World-renowned Czech novelist Milan Kundera celebrates 75th birthday


April 1st marks the 75th anniversary of the birth of perhaps the best known contemporary Czech novelist in the world, Milan Kundera. Rather surprisingly, the author - who has visited the country on only a couple of occasions since the Velvet Revolution - is less popular in the Czech Republic than he is elsewhere. But why isn't Kundera held in high regard in the country of his birth?

"Milan Kundera is admired in most parts of the Euro-Atlantic world at least as an international author. But he has some problems with his domestic readership and with critics, too."

Literature professor Tomas Vrba on author Milan Kundera, who is 75 years old today. Perhaps the best known contemporary Czech novelist in the world, Kundera was born in Brno in 1929. His first novel The Joke came out in 1967 and was made into a film the following year. However, following the crushing of the Prague Spring - of which the author was a passionate advocate - Kundera lost his teaching post at the FAMU film school. In 1975 he emigrated to France, where he lives to this day.

Given his international reputation, it is perhaps surprising how little affection the author is held in here in the Czech Republic. Writer Iva Pekarkova.

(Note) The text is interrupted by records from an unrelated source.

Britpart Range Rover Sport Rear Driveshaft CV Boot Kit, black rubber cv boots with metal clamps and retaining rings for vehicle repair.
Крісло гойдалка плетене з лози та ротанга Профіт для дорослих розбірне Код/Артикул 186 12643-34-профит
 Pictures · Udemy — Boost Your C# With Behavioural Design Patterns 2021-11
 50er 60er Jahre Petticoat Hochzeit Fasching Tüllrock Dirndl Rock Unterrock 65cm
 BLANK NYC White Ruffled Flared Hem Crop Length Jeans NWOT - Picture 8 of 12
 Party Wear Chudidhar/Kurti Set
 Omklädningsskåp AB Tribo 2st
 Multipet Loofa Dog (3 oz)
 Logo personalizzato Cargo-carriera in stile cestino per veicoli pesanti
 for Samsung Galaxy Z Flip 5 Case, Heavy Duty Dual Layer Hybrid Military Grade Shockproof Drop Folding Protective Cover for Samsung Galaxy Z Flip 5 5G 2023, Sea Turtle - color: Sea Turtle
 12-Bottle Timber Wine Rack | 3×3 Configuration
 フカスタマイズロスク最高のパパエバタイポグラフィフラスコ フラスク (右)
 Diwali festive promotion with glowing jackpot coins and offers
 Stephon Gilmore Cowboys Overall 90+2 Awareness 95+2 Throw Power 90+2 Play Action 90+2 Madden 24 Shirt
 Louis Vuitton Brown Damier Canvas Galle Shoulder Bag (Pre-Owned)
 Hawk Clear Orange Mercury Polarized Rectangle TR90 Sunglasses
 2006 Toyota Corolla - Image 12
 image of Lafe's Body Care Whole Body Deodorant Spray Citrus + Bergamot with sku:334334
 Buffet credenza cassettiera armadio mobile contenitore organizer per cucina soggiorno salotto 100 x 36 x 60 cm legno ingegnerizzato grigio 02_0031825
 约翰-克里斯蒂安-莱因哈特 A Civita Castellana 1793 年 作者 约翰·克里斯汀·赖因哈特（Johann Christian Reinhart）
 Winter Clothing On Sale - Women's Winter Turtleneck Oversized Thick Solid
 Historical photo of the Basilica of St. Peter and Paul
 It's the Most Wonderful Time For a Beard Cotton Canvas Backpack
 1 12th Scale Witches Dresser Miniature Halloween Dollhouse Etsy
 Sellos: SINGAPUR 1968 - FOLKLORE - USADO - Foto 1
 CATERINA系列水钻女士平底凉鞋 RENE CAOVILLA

"Milan Kundera, who I think in fact opened the doors to so many other Czech writers to the English and world readers community, once said some place 'I don't feel like a Czech person, I feel like a European'. And this was it - the nation hated him for I don't know how long, twenty years. It's still there, it still goes with him wherever he goes."

There are other reasons why Kundera is not as popular in the Czech Republic as he is elsewhere. One is that - unlike many exiled writers - he did not allow his work to circulate in underground, samizdat form during the Communist era. Tomas Vrba says, however, that the author was acting on artistic principle.

"I'd say that from the very beginning he was trying to master the language and writing in such a perfectionist way that he really couldn't imagine that his texts might be published without his direct supervision. Yes, he gave permission to Josef Skvorecky's publishing house in Toronto, 68 Publishers, and if I'm not wrong two or three of his novels were published there, but later he expressed his reservations about the editorial work."

But perhaps what rankles most with the Czech literary establishment is that Milan Kundera has not been accommodating to his current Czech publishers, and also effectively blocks the translation of more recent novels such as Immortality and Ignorance from French, the language he now writes in. Tomas Vrba again.

"Surprisingly enough, the Czech readership is the only readership in the world which is not allowed to read the latest novels and essays. And the situation became even more difficult when he stopped writing in Czech and only writes in French. He once declared that it's out of the question to ask anybody else to prepare Czech translations."